More housing proposed on Viking Avenue

The Valhalla Village housing development project on Viking Avenue received a stay of execution by the Poulsbo City Council in September, but its neighbors are in different stages of development.

POULSBO — Two proposed housing developments on Viking Aveune could be built within 40 feet of Dogfish Creek.

Owners of the Valhalla Village and Viking Landing projects have one and two years, respectively, to find developers to build according to wetland setback rules in place when the projects were proposed.

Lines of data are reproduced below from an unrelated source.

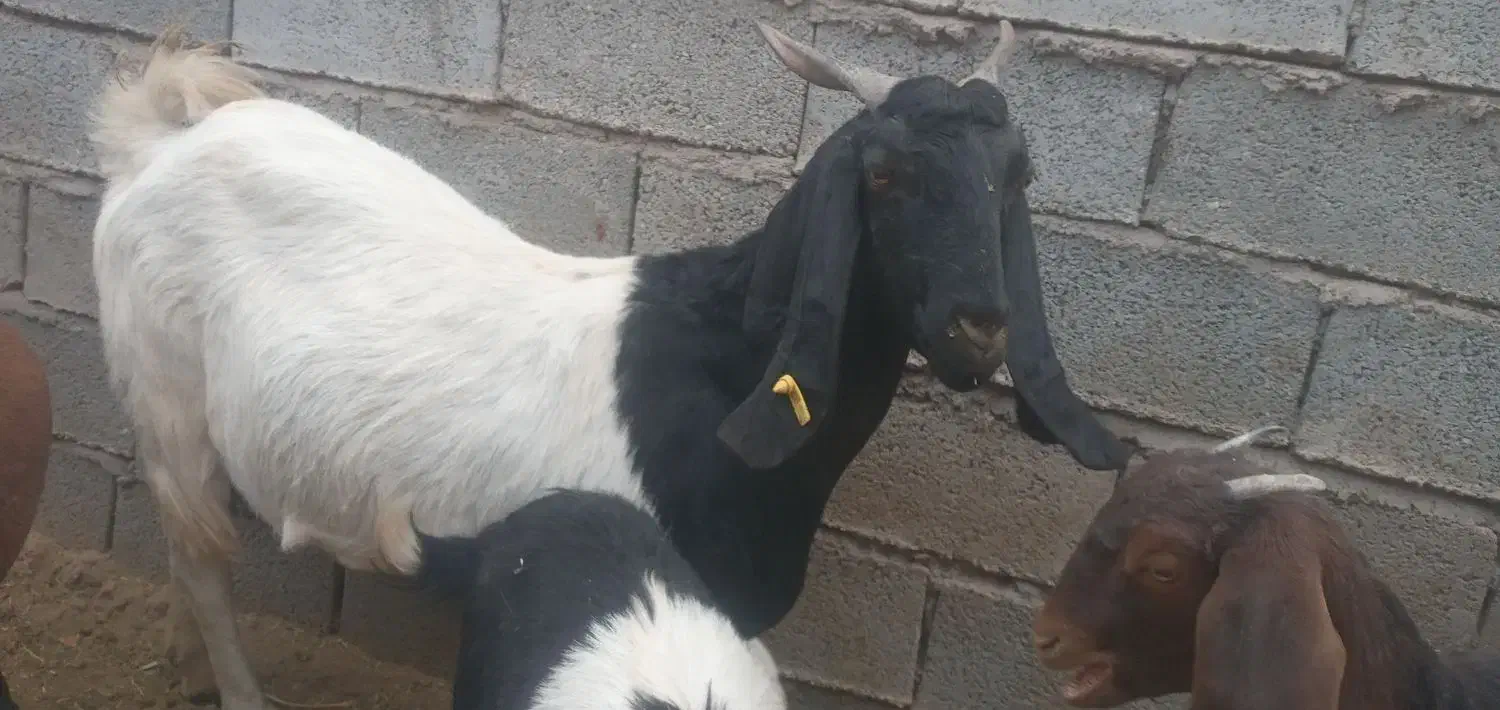فروش چهار راس بز دوقلو زا شیری مورسیا هیکل|حیوانات مزرعه|هنزا, |دیوار
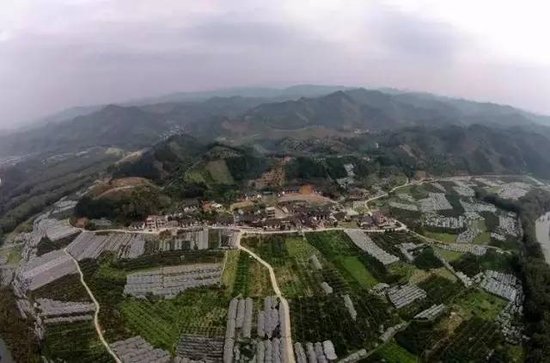 广西昭平最新资讯，高科技产品引领未来，提升生活品质
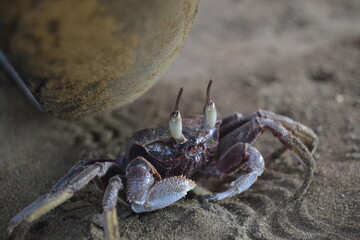 crab on the beach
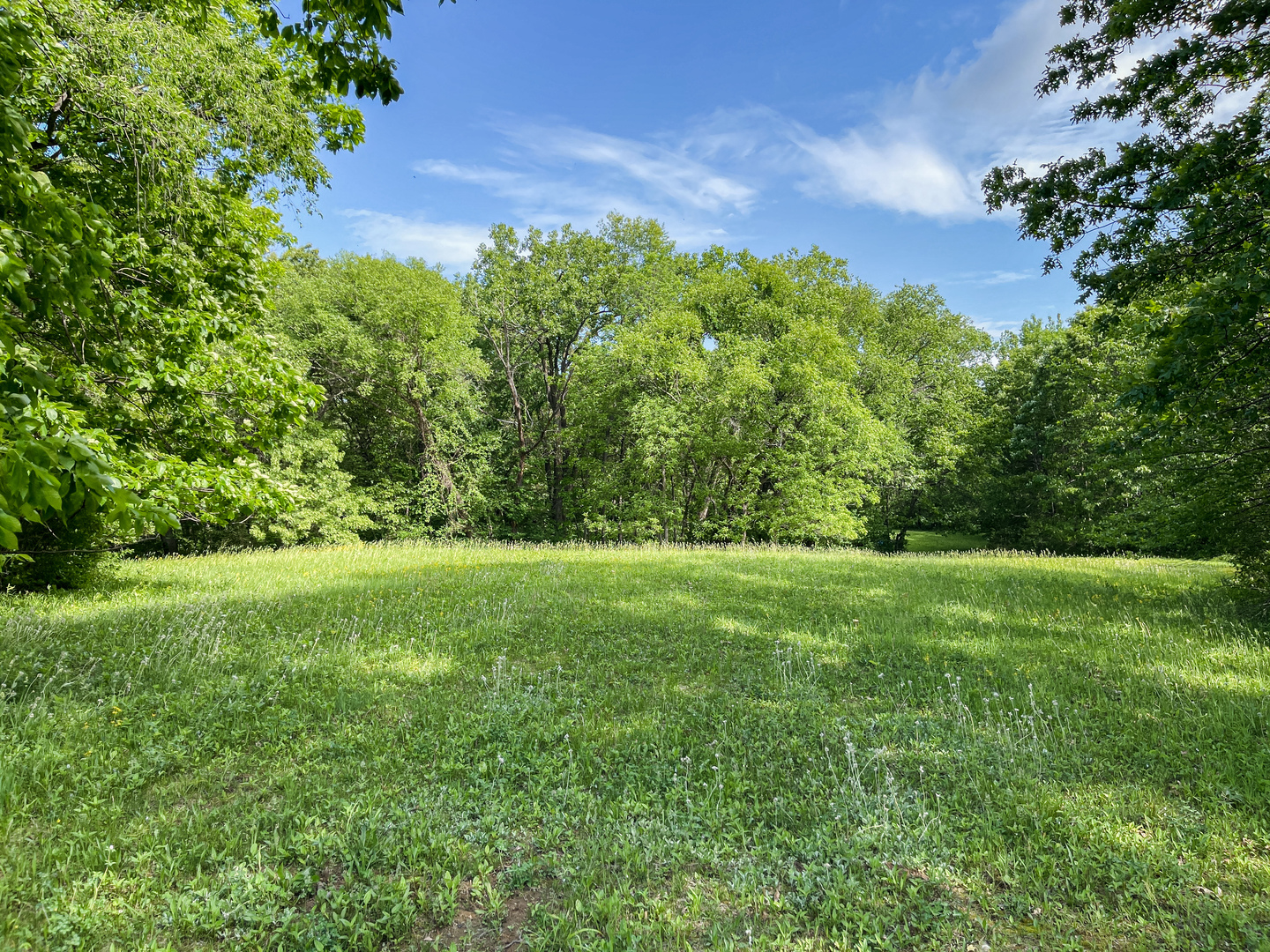 0 Three Mile Road Savanna, IL 61074 - Photo 19 of 32 a view of a lush green space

In 2007 and 2008, three development plans were submitted to the city for approval — Brighthaven, Valhalla Village and Vikings Landing — next to each other along Viking Avenue south of Highway 305, near the entrance to Stendahl Ridge neighborhood. Site plans expire after seven years if no building permits are submitted and the projects do not move ahead. In the last three to four years, those developers disappeared due to the sinking economy, and all three sites are owned by banks.

The issue for these owners and potential developers is the city’s updated Critical Area Ordinance. When the projects were first proposed, wetland buffers were more relaxed than they are now — pre-2008 ordinance required a 40-foot wetland buffer. Since the update, the requirement jumped to a 150-foot protection.

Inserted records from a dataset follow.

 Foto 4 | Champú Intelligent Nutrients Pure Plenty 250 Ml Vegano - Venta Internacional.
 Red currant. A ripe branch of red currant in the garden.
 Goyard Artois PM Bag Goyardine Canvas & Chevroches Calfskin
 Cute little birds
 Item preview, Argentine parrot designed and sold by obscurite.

Kitsap Bank asked the council to extend the site plan for Valhalla Village while they search for a developer, which gives the project one year to submit permits under the 40-foot buffer rule. Brighthaven’s original plan has expired, meaning a developer must now comply with a 150-foot buffer.

Vikings Landing, however, submitted permits at the same time as the site plan, vesting the project in pre-2008 rules. First Savings Bank Northwest has until 2014 to find a developer or also lose the original plans.

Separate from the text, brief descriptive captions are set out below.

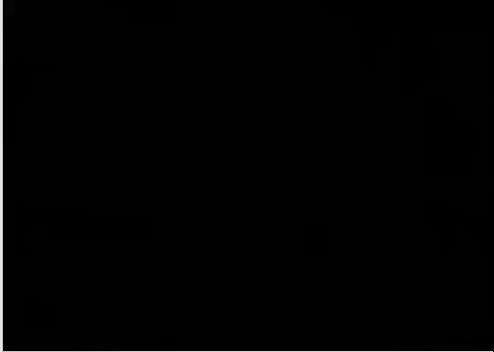 indian showing ass and pussy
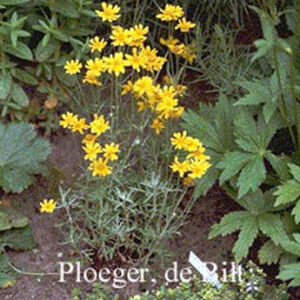 Eriophyllum lanatum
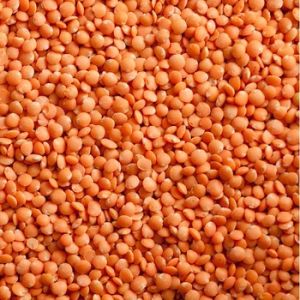 Red Whole Lentils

The buffer length has a big effect on the proposed sites. Vikings Landing would include an 18-unit building, three 6-unit condominium buildings, and a single family residence on 6.38 acres. A 150-foot buffer would cut the proposed construction in half. Brighthaven was originally 50 condominium townhouses on 4.6 acres, but wetlands cover about one-fourth of the site, according to the planning department’s staff report. Valhalla Village is 20 single-family detached units on 2.83 acres, but if the original plans expire, the project will be limited to 1.91 acres of development.

“The tale of the three properties is getting longer…over time and may end up best being developed with new plans reflecting the 150-foot wetland buffer and more compact development,” Linda Mueller, associate planner, wrote in an email.